Uma das minhas poucas ressalvas que tenho é com a trilha sonora. John Williams estava trabalhar aqui. Quem assumiu o lugar do frequente colaborador de Spielberg foi Alan Silvestre – conhecido pela música de clássicos como “De Volta Para o Futuro” e “Forrest Gump”, e também o tema principal da Marvel Studios no cinema. É outro grande compositor responsável por trilhas sonoras memoráveis, mas que aqui, infelizmente, não cria nenhum tema instigante ou que dure após o término da obra. Exemplo: assista ao primeiro trailer de “Jogador Nº 1” exibido na Comic Con San Diego do ano passado. A trilha é espetacular! Quando Silvestre inova a melodia de “Pure Imagination”, música de “A Fantástica Fábrica de Chocolate” de 1971, injetando grave e tornando o ritmo lento da melodia original em uma composição épica, confesso, que fiquei bastante arrepiado. Já no filme, particularmente, não consegui encontrar nenhum momento com uma trilha tão competente como esta que foi apresentada no trailer.

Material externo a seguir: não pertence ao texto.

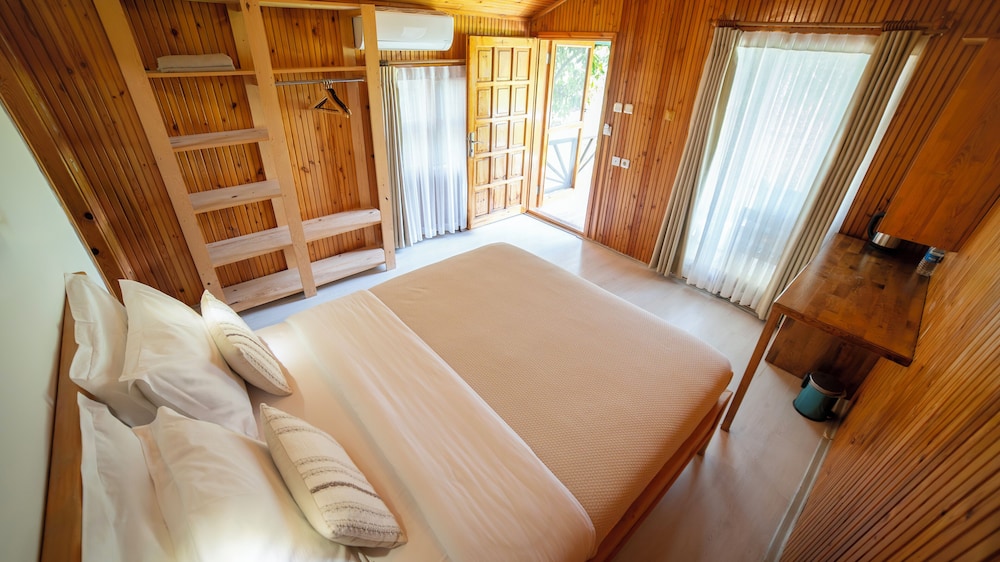 Etenna Bungalow 13/84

Mas “Jogador Nº 1” não é prejudicado, e o filme é uma diversão garantida com um Steven Spielberg em plena disposição, criatividade e empolgação. Uma ficção científica/aventura/fantasia que merece uma revisita e que promete deixar um sorriso no rosto de muito marmanjo. E, claro, da garotada em geral. É um entretenimento de alto nível, e muitíssimo empolgante. Um filme pipoca da melhor qualidade realizado pelo mestre do gênero. Recomendado!
Ready Player One-EUA
Ano: 2018 – Dirigido por: Steven Spielberg
Elenco: Tye Sheridan, Olivia Cooke, Ben Mendelsohn, Simon Pegg, Mark Rylance…

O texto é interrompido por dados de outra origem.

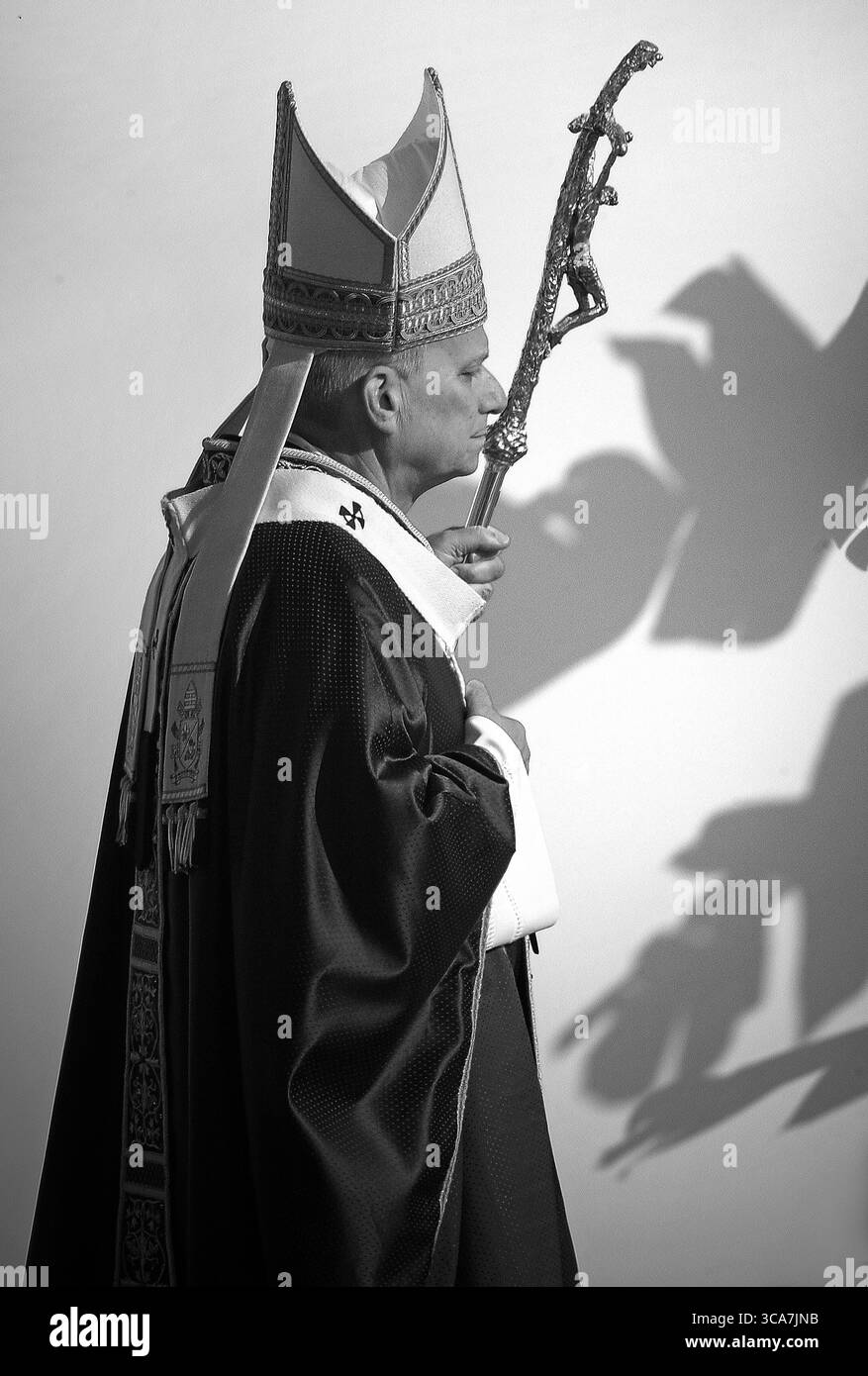 Tor Vergata, Rom, Italien. August 2025. ROM, ITALIEN - 3. AUGUST: Papst Leo XIV. Führt am 3. August 2025 die Abschlussmesse des Jubeljahres in Tor Vergata, Rom, Italien. Quelle: dpa/Alamy Live News Stockfoto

Sinopse: Num futuro distópico, em 2044, Wade Watts (Tye Sheridan), como o resto da humanidade, prefere a realidade virtual do jogo OASIS ao mundo real. Quando o criador do jogo, o excêntrico James Halliday (Mark Rylance) morre, os jogadores devem descobrir a chave de um quebra-cabeça diabólico para conquistar sua fortuna inestimável. Para vencer, porém, Watts terá de abandonar a existência virtual e ceder a uma vida de amor e realidade da qual sempre tentou fugir.